Sql-server – Consolidating indexes

indexperformancesql serversql-server-2005

I have one big table that is used to generate business intelligence cube. Currently it has around 40M rows and 55 columns. A lot of the cube dimensions are generated by running 'select distinct' on a column of the big table.

Currently I have one index for each 'select distinct' and 16 indexes in total. Is it better to merge some of those indexes? My thinking is that the cube needs to process all rows anyway, and the indexes speed up the process because it is much smaller than the entire table, and if I put two or three columns in one index the index size will not grow so much. Maybe the good candidates are columns that have low specificity.
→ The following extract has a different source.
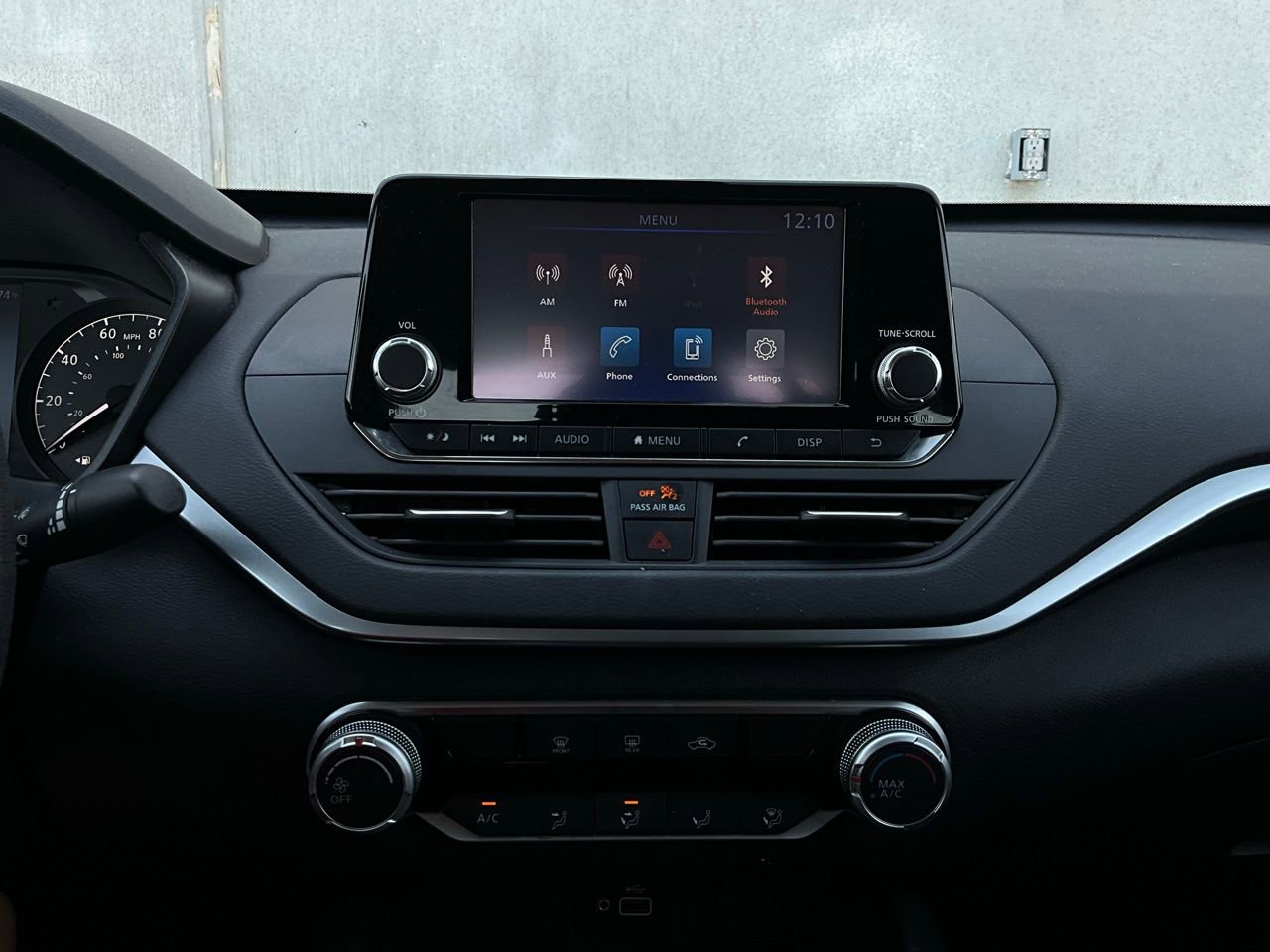 Used 2022 Nissan Altima 2.5 S image 23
Am I going in the right direction? Can the query make use of the second column (or third, fourth, …) of the index?

I'm using SQL Server 2005 Standard Edition.

Best Answer

If the "cube" needs to process all rows, indexes won't speed up the process as the querying engine would just do a table scan.
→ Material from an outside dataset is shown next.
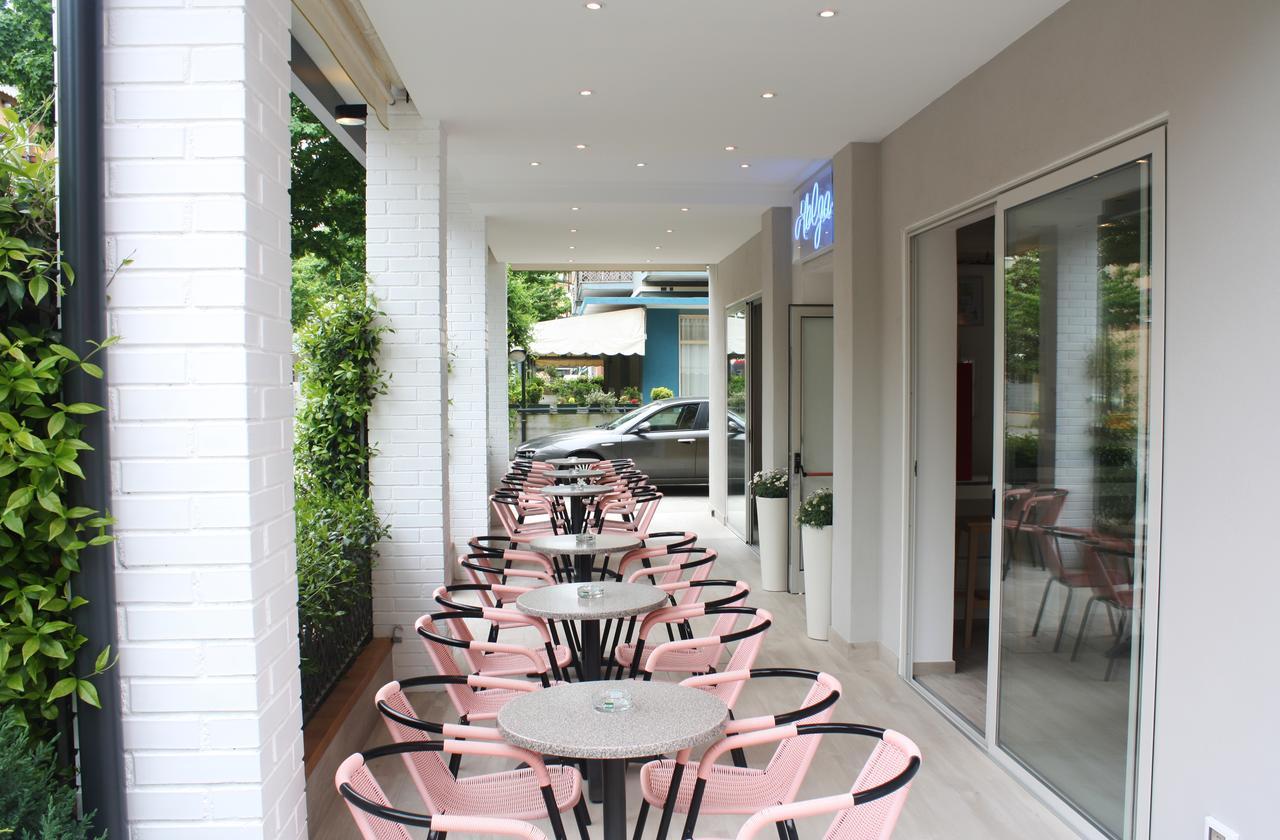 Helga Hotel Caorle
I think the best advice I could give is to familiarize yourself with query plan output so that you can see how the database is satisfying the query requests. This will allow you to see what access methods are used to retrieve data. It would also allow you to answer you're own question: if you create the proposed index, does sql server use it to fulfill your query?
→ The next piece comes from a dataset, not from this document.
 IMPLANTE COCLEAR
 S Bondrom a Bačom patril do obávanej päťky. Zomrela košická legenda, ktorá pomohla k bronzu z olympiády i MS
I think the answer to your question is going to be "No". If your "cube" is being materialized by executing "SELECT DISTINCT columnB FROM table", and you currently have an indexes on "columnA" and "columnB". "Consolidating" those separate indexes into a single index on "(columnA, columnB)" is unlikely to help your "cube" queries on "columnB". Your mileage may vary, not having access to the schema nor query source makes these kinds of questions difficult to answer definitively.

Having said that, I think the correct response is to point you towards the SQL Server data warehousing functionality instead of rolling your own solution.